▶ DATA EXTRACT
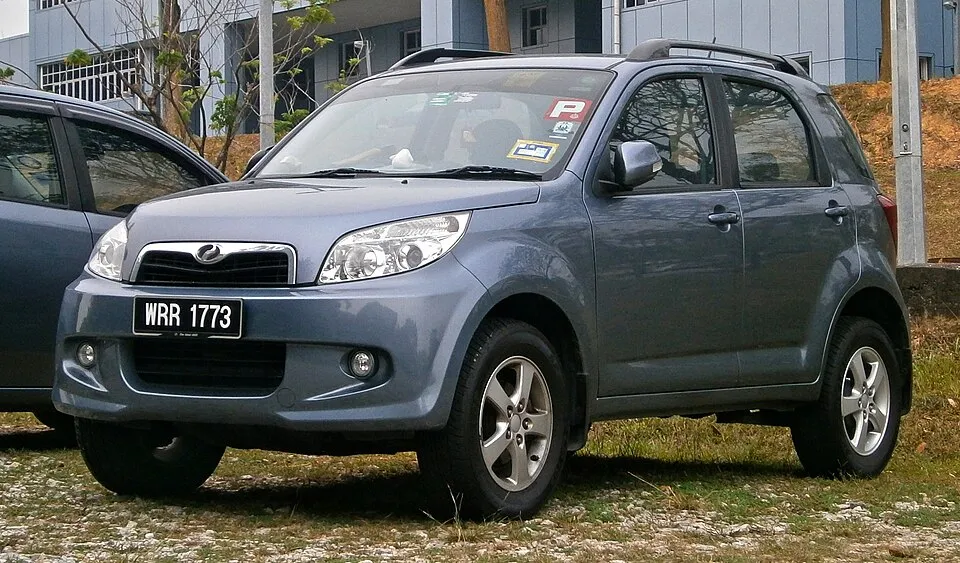 Perodua Aruz (J200/F700)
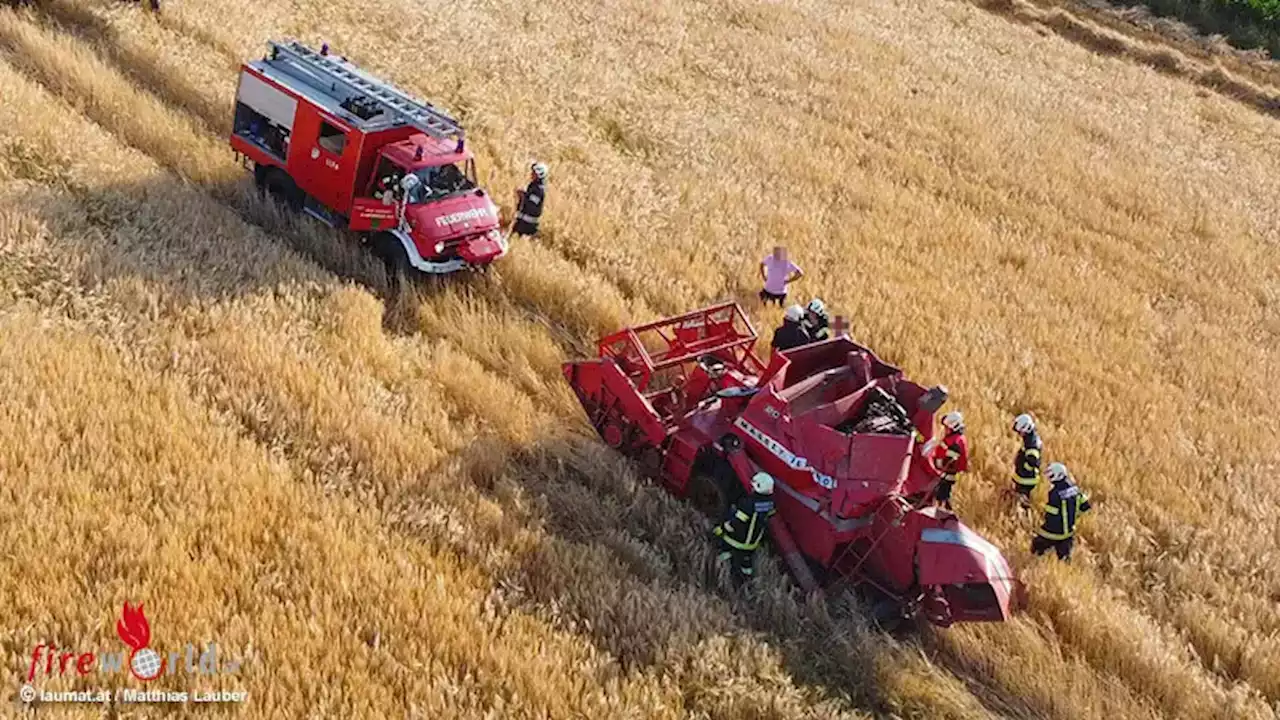 Oö: Mähdrescher bei St. Marienkirchen an der Polsenz über abschüssiges Feld in einen Wald gedonnert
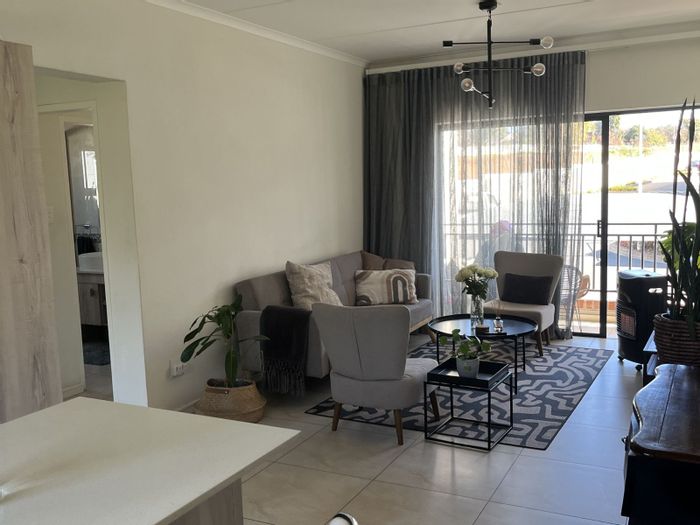 For Sale: 2-Bedroom Apartment in Randpark Ridge with 24-hour security and secure parking.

▶ WHAT YOU HAVE TO DO
Write out again every line above exactly as given; the pictures do not belong in the copy.

▶ RESULT
 Perodua Aruz (J200/F700)
 Oö: Mähdrescher bei St. Marienkirchen an der Polsenz über abschüssiges Feld in einen Wald gedonnert
 For Sale: 2-Bedroom Apartment in Randpark Ridge with 24-hour security and secure parking.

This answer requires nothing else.